1) Join tables into one table; 2) Use nested repeated fields

Explanation
The conventional method of denormalizing data involves simply writing a fact, along with all its dimensions,
into a flat table structure. For example, if you are dealing with sales transactions, you would write each
individual fact to a record, along with the accompanying dimensions such as order and customer information.
The other method for denormalizing data takes advantage of BigQuery’s native support for nested and
repeated structures in JSON or Avro input data. Expressing records using nested and repeated structures can
provide a more natural representation of the underlying data. In the case of the sales order, the outer part of a
JSON structure would contain the order and customer information, and the inner part of the structure would
contain the individual line items of the order, which would be represented as nested, repeated elements.

To run a TensorFlow training job on your own computer using Cloud Machine Learning Engine, what would your command start with?

A.

gcloud ml-engine local train

B.

gcloud ml-engine jobs submit training

C.

gcloud ml-engine jobs submit training local

D.

You can't run a TensorFlow program on your own computer using Cloud ML Engine .

A.

gcloud ml-engine local train

gcloud ml-engine local train - run a Cloud ML Engine training job locally
This command runs the specified module in an environment similar to that of a live Cloud ML Engine
Training Job.
This is especially useful in the case of testing distributed models, as it allows you to validate that you are
properly interacting with the Cloud ML Engine cluster configuration.

Cloud Bigtable is a recommended option for storing very large amounts of
____________________________?

A.

multi-keyed data with very high latency

B.

multi-keyed data with very low latency

C.

single-keyed data with very low latency

D.

single-keyed data with very high latency

C.

single-keyed data with very low latency

Cloud Bigtable is a sparsely populated table that can scale to billions of rows and thousands of columns,
allowing you to store terabytes or even petabytes of data.
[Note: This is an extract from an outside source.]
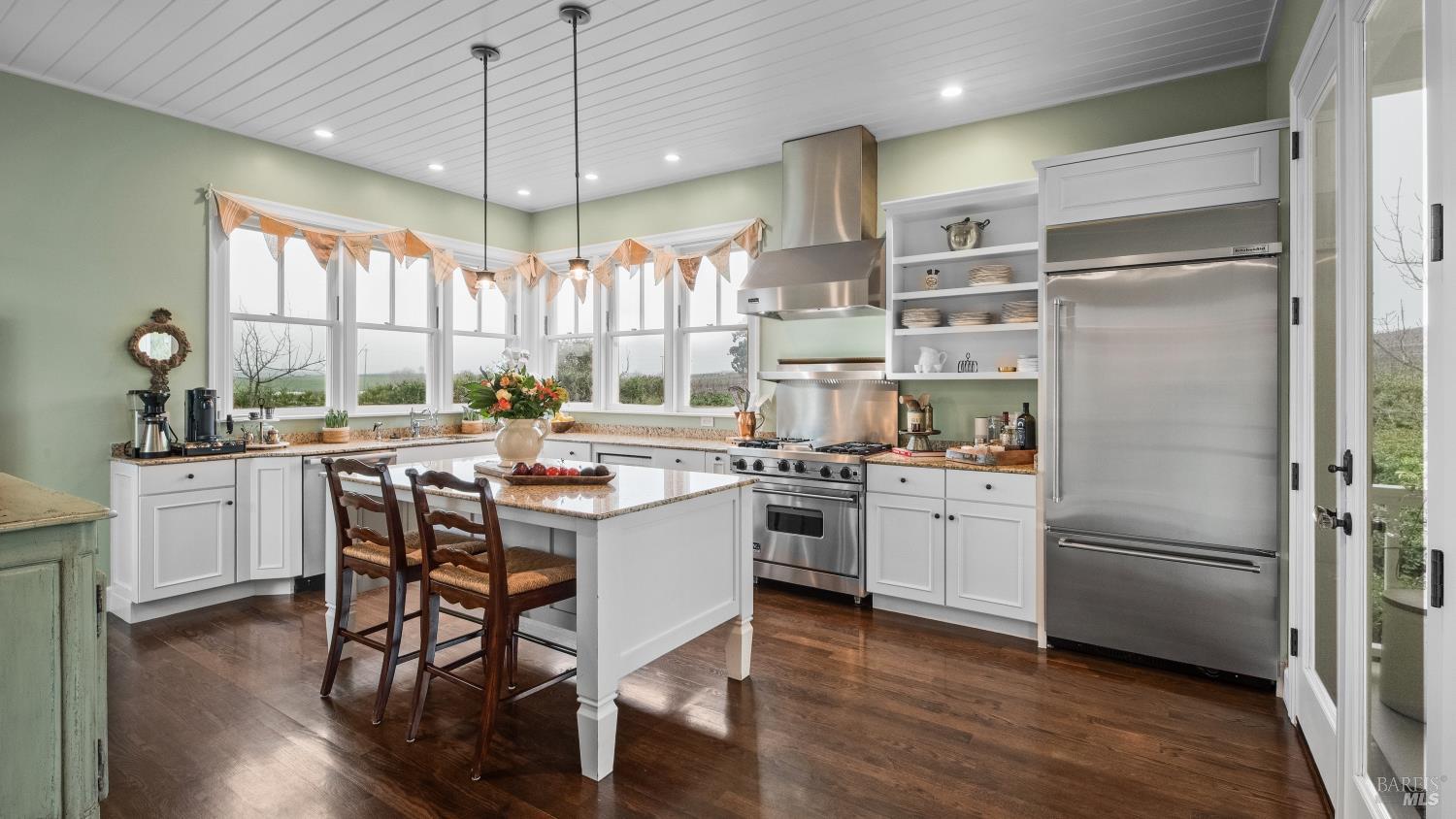 Detail Gallery Image 14 of 98 For 1170 Bayview Ave, Napa,  CA 94559 - 3 Beds | 2 Baths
A single value in each row is indexed; this value is
known as the row key. Cloud Bigtable is ideal for storing very large amounts of single-keyed data with very
low latency. It supports high read and write throughput at low latency, and it is an ideal data source for
MapReduce operations.

Which of these statements about BigQuery caching is true?

A.

By default, a query's results are not cached.

B.

BigQuery caches query results for 48 hours.

C.

Query results are cached even if you specify a destination table.

D.

There is no charge for a query that retrieves its results from cache.

D.

There is no charge for a query that retrieves its results from cache.

When query results are retrieved from a cached results table, you are not charged for the query.
BigQuery caches query results for 24 hours, not 48 hours.
Query results are not cached if you specify a destination table.
A query's results are always cached except under certain conditions, such as if you specify a destination table

When a Cloud Bigtable node fails, ____ is lost.

A.

all data

B.

no data

C.

the last transaction

D.

the time dimension

B.

no data

Explanation
A Cloud Bigtable table is sharded into blocks of contiguous rows, called tablets, to help balance the workload
of queries. Tablets are stored on Colossus, Google's file system, in SSTable format. Each tablet is associated
with a specific Cloud Bigtable node.
Data is never stored in Cloud Bigtable nodes themselves; each node has pointers to a set of tablets that are
stored on Colossus. As a result:
Rebalancing tablets from one node to another is very fast, because the actual data is not copied. Cloud
Bigtable simply updates the pointers for each node.
Recovery from the failure of a Cloud Bigtable node is very fast, because only metadata needs to be migrated to
the replacement node.
When a Cloud Bigtable node fails, no data is lost

Which Google Cloud Platform service is an alternative to Hadoop with Hive?

A.

Cloud Dataflow

B.

Cloud Bigtable

C.

BigQuery

D.

Cloud Datastore

C.

BigQuery

Apache Hive is a data warehouse software project built on top of Apache Hadoop for providing data
summarization, query, and analysis.
Google BigQuery is an enterprise data warehouse.